Stage 05 — Tokens & Embeddings
Before any language model does anything, raw text becomes integers (tokens) and integers become vectors (embeddings). This stage covers both — the data pipeline at the bottom of every LLM.
Prerequisites
- Stage 03 (neural networks)
- Stage 04 (neural language models)
Learning ladder
- Tokenization — text → integers (BPE, WordPiece, SentencePiece, byte-level)
- Static embeddings — Word2Vec, GloVe, FastText
- Contextual embeddings — ELMo, BERT, modern embedding models
- Semantic geometry — what makes embeddings useful
MVU
You can:
- Tokenize a sentence with BPE and explain why “tokenization” is one token while “tokenization-aware” is several.
- Distinguish static from contextual embeddings.

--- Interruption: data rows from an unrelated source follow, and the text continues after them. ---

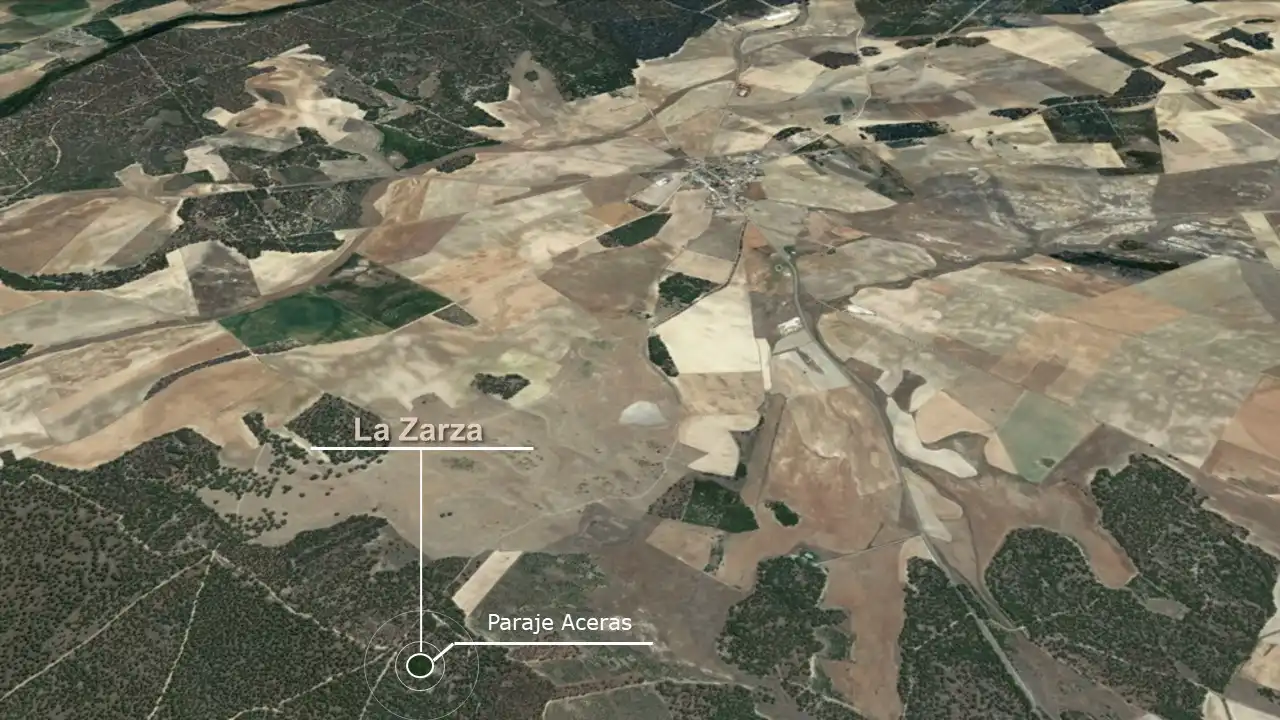 Rustikales Grundstück zum Verkauf in Paraje Aceras, imagen 4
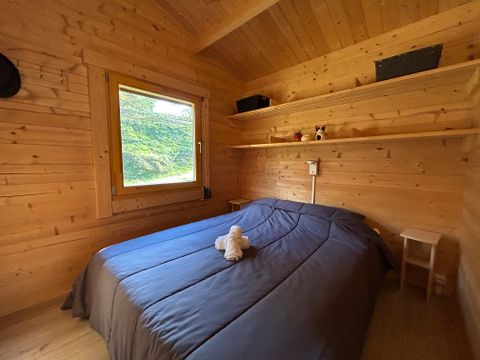 CHALET 4 personnes - PRIVILEGE GREEN Cottage - 2 ch - TV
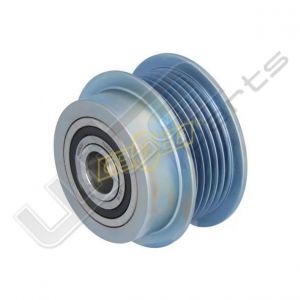 Pulley 17/72.00 x 45.00 6gr.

- Use cosine similarity to measure embedding similarity and explain why we don’t use Euclidean distance.
- Pick an embedding model for a given task (general-purpose, code, multilingual, multimodal).
Exercise
Take 1000 product reviews. Embed them with sentence-transformers/all-MiniLM-L6-v2. For a query review, find the 5 nearest neighbors. Then try a domain-specific model (e.g. a code-tuned one). Notice how task fit affects retrieval quality.
Why this stage matters
Every transformer’s first operation is embed(token_id). The quality of that lookup — vocabulary granularity, embedding initialization, contextual reshaping — sets the ceiling for everything downstream. RAG systems live or die on embedding quality. Understand this layer or be confused by everything above it.